Настало время уезжать, и, готовясь к отъезду, мальчик однажды заметил торговцев, собиравших другую группу невольников около маленького караван-сарая. То была плотная толпа мужчин и женщин, кандалы на шеях и лодыжках сковывали их друг с другом. Эти люди жались к подветренной стене низкого глинобитного домишки, пытаясь спрятаться от буйного ветра, пока тот, мрачно воя, носился над песками. Мальчик заметил и узнал державшуюся с края маленькую фигурку девочки, которая спасала его, приходя по ночам.

— Как твое имя?

— Ли…

Она продолжала говорить, но ветер схватил ее слова и забросил далеко в пустыню. Заскрипела кожа седел, забренчали бубенцы, караван трогался в путь. Девочка прижала сложенные ладони к губам, пытаясь сообщить ему что-то.

— Ли… — кричала она навстречу ветру. — Лилэ.

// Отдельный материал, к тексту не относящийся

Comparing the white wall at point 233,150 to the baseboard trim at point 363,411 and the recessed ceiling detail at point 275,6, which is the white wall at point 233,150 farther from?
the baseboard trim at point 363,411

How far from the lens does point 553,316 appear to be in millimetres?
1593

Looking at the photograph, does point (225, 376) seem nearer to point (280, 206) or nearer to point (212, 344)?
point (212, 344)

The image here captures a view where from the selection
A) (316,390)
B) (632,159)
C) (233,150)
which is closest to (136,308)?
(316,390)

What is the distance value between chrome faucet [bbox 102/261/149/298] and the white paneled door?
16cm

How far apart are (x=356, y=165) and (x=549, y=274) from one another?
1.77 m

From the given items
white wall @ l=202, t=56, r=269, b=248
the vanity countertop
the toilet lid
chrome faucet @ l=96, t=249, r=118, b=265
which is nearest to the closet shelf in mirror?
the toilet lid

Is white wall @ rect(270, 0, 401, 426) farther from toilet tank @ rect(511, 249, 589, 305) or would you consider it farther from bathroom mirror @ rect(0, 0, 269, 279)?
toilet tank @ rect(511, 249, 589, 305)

В те минуты, когда жизнь Хассан-аги медленно ускользала от него в смерть, а он все не умирал, цепляясь за расползающуюся ткань памяти, первые лучи рассвета протянулись наконец над бухтой Золотой Рог. По другую ее сторону, за водами узкого залива, в той части города, которую назвали Пера и отдали чужеземцам и неверным, Джон Керью, главный повар английского посольства, сидел на стене, окружавшей здание и сад, и щелкал орехи.

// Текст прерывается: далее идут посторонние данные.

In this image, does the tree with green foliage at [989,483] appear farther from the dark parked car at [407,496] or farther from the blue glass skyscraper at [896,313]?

Ночь была душной и знойной. И потому сейчас, устроившись верхом на стене, что было категорически запрещено послом, Керью стащил с себя рубашку, нарушая очередное правило, и с наслаждением подставил спину прохладе легкого предрассветного ветерка. От самой стены склон резко уходил вниз, являя взору прекрасную картину миндальных и абрикосовых рощ, а у кромки воды грудилось тесное скопище деревянных лодочных причалов, принадлежавших торговцам побогаче и иноземным эмиссарам.

Утренний крик муэдзинов прозвучал более получаса назад, но ни на улицах города, ни на водах бухты не заметно было никакого оживления. Легкий туман, окрасивший зарю в едва различимый бледно-розовый цвет (который, как узнал Керью, был присущ не только стамбульскому рассвету, но и варенью из лепестков роз), все еще укрывал воды и берег за ними. Лишь одинокий маленький каик, узкая гребная лодка Босфора, рассекая туман, медленно продвигался в сторону Перы. До Керью доносились плеск воды и скрип весел да крики круживших над каиком чаек, чьи грудки поблескивали в рассветных лучах белым и золотым.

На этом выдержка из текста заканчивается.